Il s'agit en réalité de valoriser le rôle spécifique que pourraient jouer les consommateurs électro-intensifs ou les grands groupes industriels pour réguler la distribution d'électricité sur un réseau dont la capacité est limitée et tend à arriver à saturation.
Les industries électro-intensives se caractérisent, en effet, par un profil de consommation atypique, qui allie :
- une consommation de base en ruban avec un facteur de charge très élevé de l'ordre de 1 100 Mw (soit l'équivalent de trois à cinq centrales thermiques, proche d'une tranche nucléaire) ;
- une capacité à « saisonnaliser » la consommation sur de longues périodes programmables ;
- une capacité d'effacement total en période de pointe sous préavis très court ;
- la possibilité d'interrompre totalement sans délai leur consommation en cas de crise, ce que l'on appelle l'interruptibilité ;
- une localisation proche des bases de production électrique, ce qui réduit potentiellement les coûts de transport et les pertes en ligne sur des gros débits (avantages de la « ligne directe ») ;
- enfin, de faibles exigences sur la qualité de la fourniture énergétique.

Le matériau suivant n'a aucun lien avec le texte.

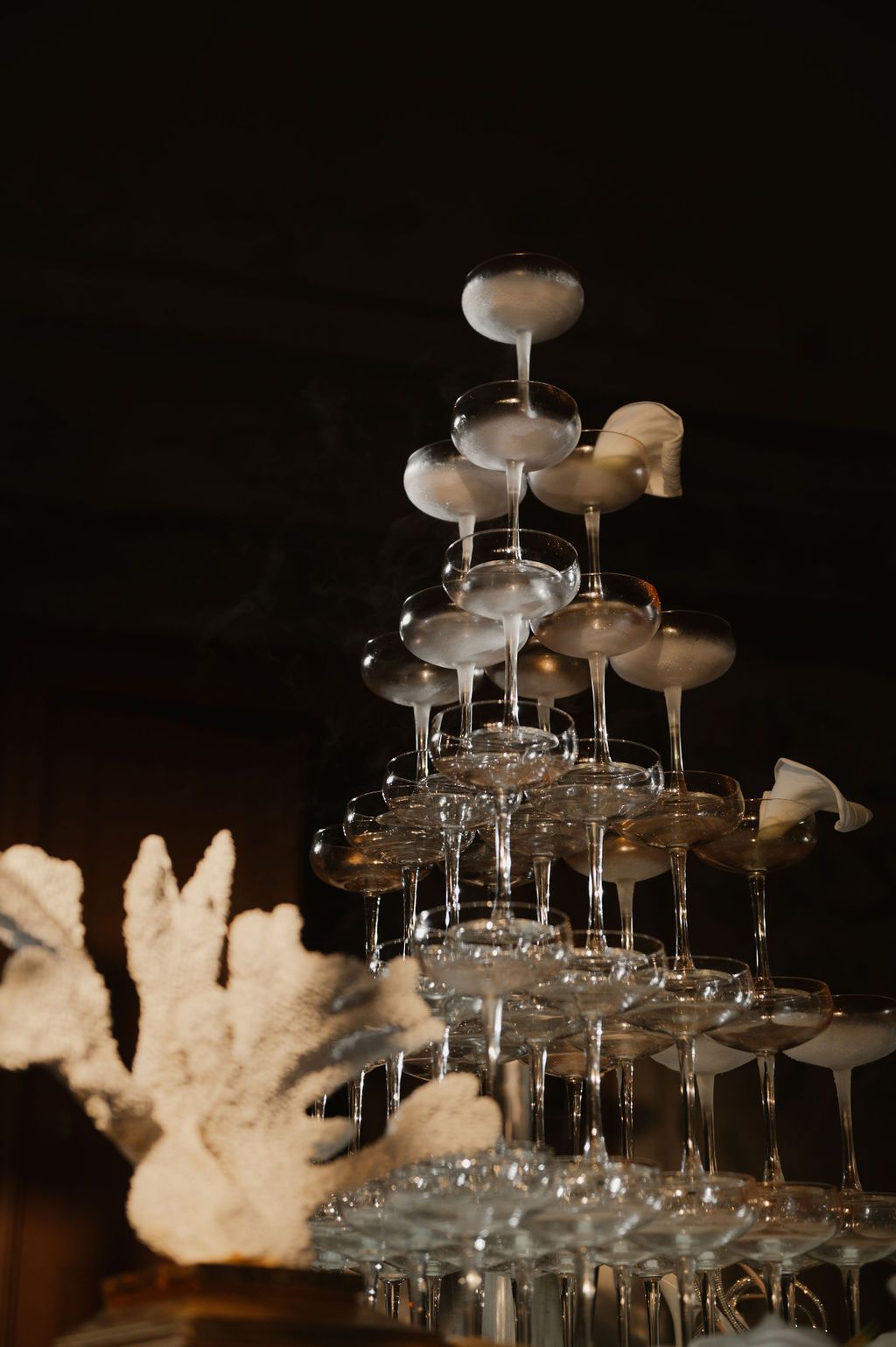 Elegant champagne tower with coupe glasses and white floral decor against dark background at luxury event.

Si elles étaient valorisées et se traduisaient par des avantages tarifaires, ces caractéristiques pourraient permettre d'optimiser la distribution d'électricité grâce à une charge stable sur le réseau.
La loi NOME prévoit la prise en compte de l'effacement et de l'interruptibilité . Mais à l'heure actuelle, la contrepartie tarifaire qui pourrait en résulter n'est pas chiffrée. Cette souplesse de fonctionnement doit bénéficier d'une valorisation maximale pour atténuer les effets de l'augmentation des tarifs sur la facture énergétique des industriels.
À l'inverse, aucune disposition n'a prévu la prise en compte de la situation des sites industriels, le plus souvent implantés à proximité des centrales de production, ce qui réduit les coûts d'utilisation des réseaux et les pertes en ligne (évaluées en moyenne entre 6 % et 8 %). L'application d'une tarification de « ligne directe » , comme l'a prévu l'Allemagne 211 ( * ) , permettrait de résoudre cette anomalie tarifaire et de placer notre industrie sur un pied d'égalité avec ses concurrentes allemande, italienne, chinoise, canadienne, norvégienne ou américaine.
La mission suggère de favoriser la prise en compte de l'effacement, de l'interruptibilité et de la proximité de l'approvisionnement en électricité qu'offrent les industries électro-intensives et de prévoir en conséquence des aménagements tarifaires compatibles avec les exigences européennes , qui minorent le prix de l'électricité qui leur est distribué et contribuent ainsi à préserver l'avantage compétitif acquis par la France dans ce domaine grâce au développement de son parc nucléaire. |
* 207 Directive 1996/92/CE concernant les règles communes pour le marché intérieur de l'électricité ; directive 2003/54/CE du 26 juin 2003 ; directives 2009/72/CE et 2009/73/CE.
* 208 Loi du 10 février 2000 relative au service public de l'électricité ; loi du 9 août 2004 relative au service public de l'électricité et aux industries électriques et gazières ; loi du 7 décembre 2006 relative au secteur de l'énergie.
* 209 Loi du 7 décembre 2006 précitée.
* 210 Loi n° 2010-1488 du 7 décembre 2010 portant nouvelle organisation du marché de l'électricité.
* 211 Loi du 7 juillet 2005 et ordonnance fédérale BGB1.I.S.2225 du 25 juillet 2005 relative aux tarifs d'acheminement sur les réseaux.